§ Work to complete
Output all of the lines below exactly, and leave out each image.

§ Supplied information
╭──
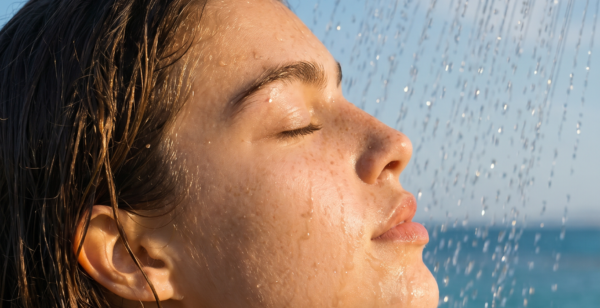 Mujer bajo una ducha exterior en la playa con la piel mojada, imagen para explicar cómo el agua con cal, el cloro o la sal pueden influir en la sensación de piel tirante
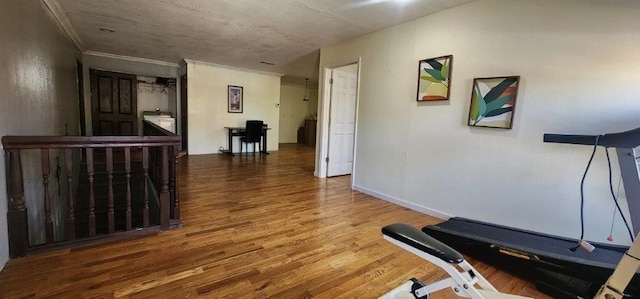 workout room with crown molding and dark hardwood / wood-style flooring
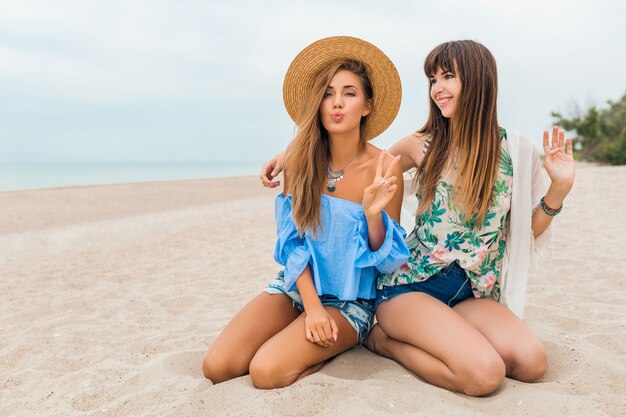 Stilvolle hübsche Frauen sitzen auf Sand in den Sommerferien am tropischen Strand, böhmischer Stil, Freunde reisen zusammen, Modetrendzubehör, lächelnde glückliche Emotion, positive Stimmung, Strohhut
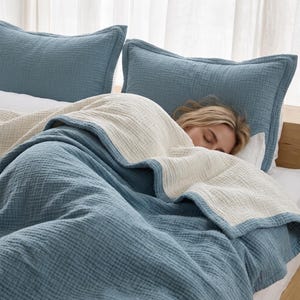May include: A bedding set featuring two blue pillow shams and a reversible blanket with a textured, crinkled fabric finish. The blanket displays a deep blue color on one side and a contrasting off-white color on the other, creating a layered look.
╰──
§ Solution for this exercise
 Mujer bajo una ducha exterior en la playa con la piel mojada, imagen para explicar cómo el agua con cal, el cloro o la sal pueden influir en la sensación de piel tirante
 workout room with crown molding and dark hardwood / wood-style flooring
 Stilvolle hübsche Frauen sitzen auf Sand in den Sommerferien am tropischen Strand, böhmischer Stil, Freunde reisen zusammen, Modetrendzubehör, lächelnde glückliche Emotion, positive Stimmung, Strohhut
May include: A bedding set featuring two blue pillow shams and a reversible blanket with a textured, crinkled fabric finish. The blanket displays a deep blue color on one side and a contrasting off-white color on the other, creating a layered look.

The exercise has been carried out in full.